THE DEPUTY JUDGE: It is not going to be any good that it is in the order.
MR GULLICK: Your Lordship could, in due course, as and when it is transcribed, order that what you have just said can be added to the end of the judgment as an addendum. So it would be, "(Further arguments on consequential matters)".
THE DEPUTY JUDGE: I will do that now. I direct that what I have just said about my reasons for being prepared to certify the judgment as one which can be cited can be moved, please, to be an end note to the judgment itself so that those who do not need to see the other exchanges do not need to have them.
MR GULLICK: My Lord, just one point. That is in relation to the interim relief question, not the question of the arguability of the claim, because, of course, one would not want potentially in future debate as to whether the lengthy -- with all due respect to your Lordship but as your Lordship accepted -- discussion of the merits of this particular case would be cited in future cases.
THE DEPUTY JUDGE: No, quite. I think on the reasons I have just given that are going to be blocked and moved it will be clear what the point was.
MR GULLICK: Yes.
THE DEPUTY JUDGE: Good. Can I ask you both just to get your heads together and deal with the order. Will I have to deal with any other consequential matter?
MR SUTERWALLA: My Lord, no. On costs we say costs reserved.
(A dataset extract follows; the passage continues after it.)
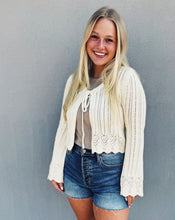 Load image into Gallery viewer, SADIE &amp; SAGE: CHAMOMILE FRONT TIE CARDIGAN - IVORY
That is the order that we seek.
MR GULLICK: And you, of course, direct that it be transferred to the Upper Tribunal.
THE DEPUTY JUDGE: Yes, can you include that.
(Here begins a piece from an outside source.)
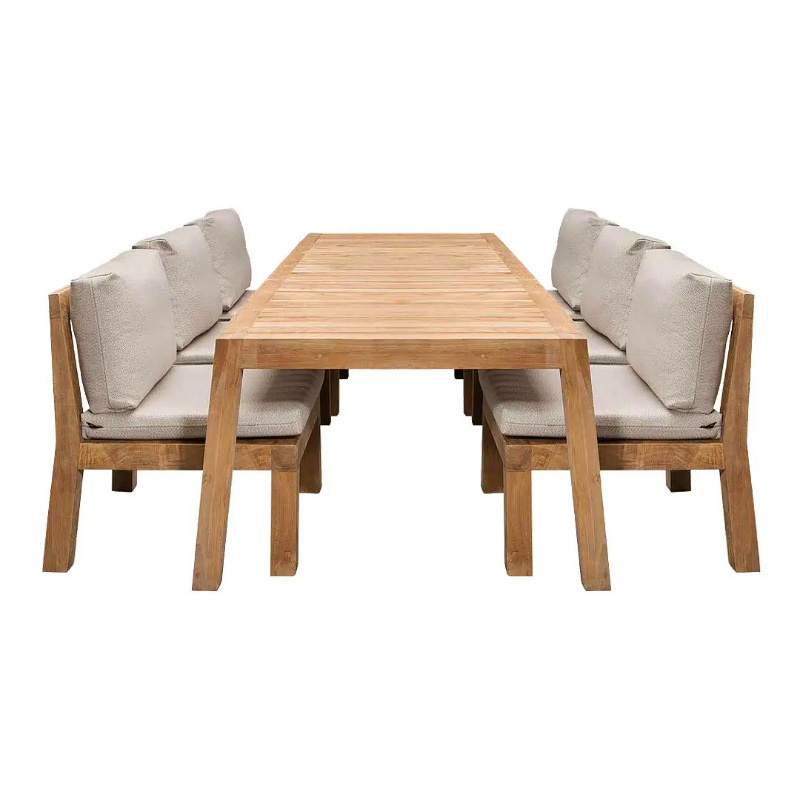 Mesa y silla de teca al aire libre patio al aire libre jardín impermeable muebles de ocio villa diseñador de protección solar mesa larga de madera maciza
MR GULLICK: You have suggested that you should not give directions.
THE DEPUTY JUDGE: I am not going to say any more, it seems to me that would just be a way of trying to give back door directions, but, yes, can you please put the proper form of words in for the transform to the Upper Tribunal and I will wait to hear when you are ready for me to come in and see what you have come up with. Thank you very much.
(A short break)
THE DEPUTY JUDGE: Thank you for doing that. This will be included then within the order. The only things I have done is I have reversed your points (1) and (2) so I deal with permission for judicial review first and then interim relief second.
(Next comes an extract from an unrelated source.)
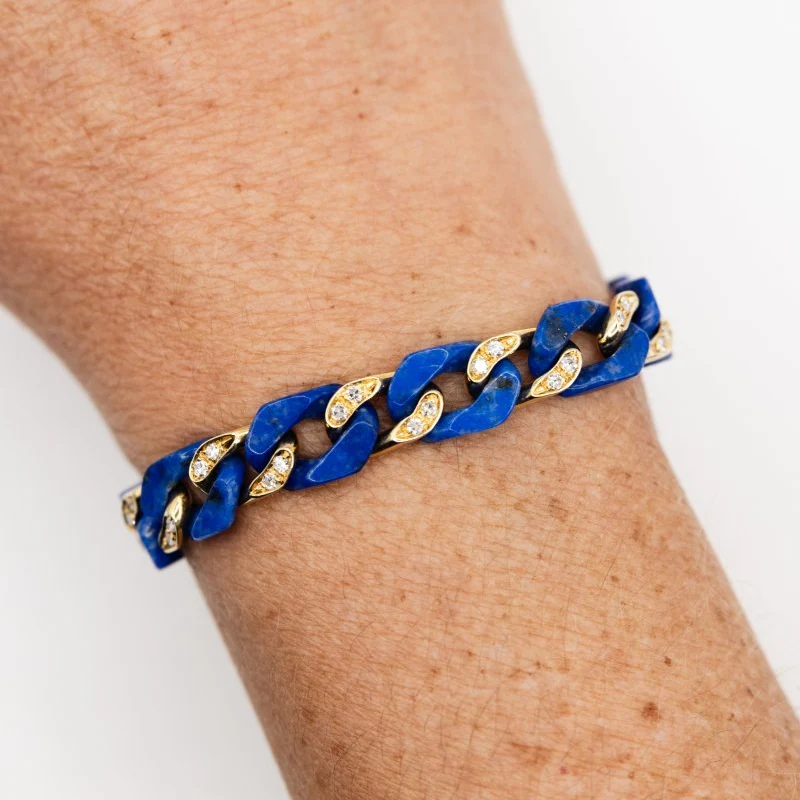 FRED curb chain bracelet in yellow gold, lapis lazuli and diamonds - Image 2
Where you say, "The order of Lewis J dated 5 February, paragraph 1", I have put in brackets, "(Anonymity)", because that is what that is, just so the reader of the order knows what that is getting at. And I have put, "Further case management to be dealt with in the Upper Tribunal", but that was the drafting that you had. So I will just read it out. The order will be as follows.
"(1) Permission to apply for judicial review is granted. (2) The defendant is required by way of interim relief to reinstate accommodation support on the same basis it was provided to the claimant prior to and up to 4 November 2013, as soon as reasonably practicable and, in any event, within 14 days (with liberty to apply in writing in case of difficulty). The defendant shall make arrangements for the claimant to be transported to the accommodation. This paragraph to remain in force pending trial or further order. (3) This claim is transferred to the Upper Tribunal (Immigration and Asylum Chamber), further case management to be dealt with in the Upper Tribunal. For the avoidance of doubt, paragraph 1 of the order of Lewis J dated 5 February (Anonymity) remains in force. (4) Costs reserved."
Are there any other loose ends with which either of you think that I need to deal?
I was not asked to direct an expedited transcript, that was not your point, you point was about access, and in terms of what the judgment will say I think that is clear.
We have spent a considerable time, albeit at a permission stage, on this case given the nature of the case, and I mean that viewed in all respects, and I would like to thank everyone for their assistance in the preparation and presentation of the arguments.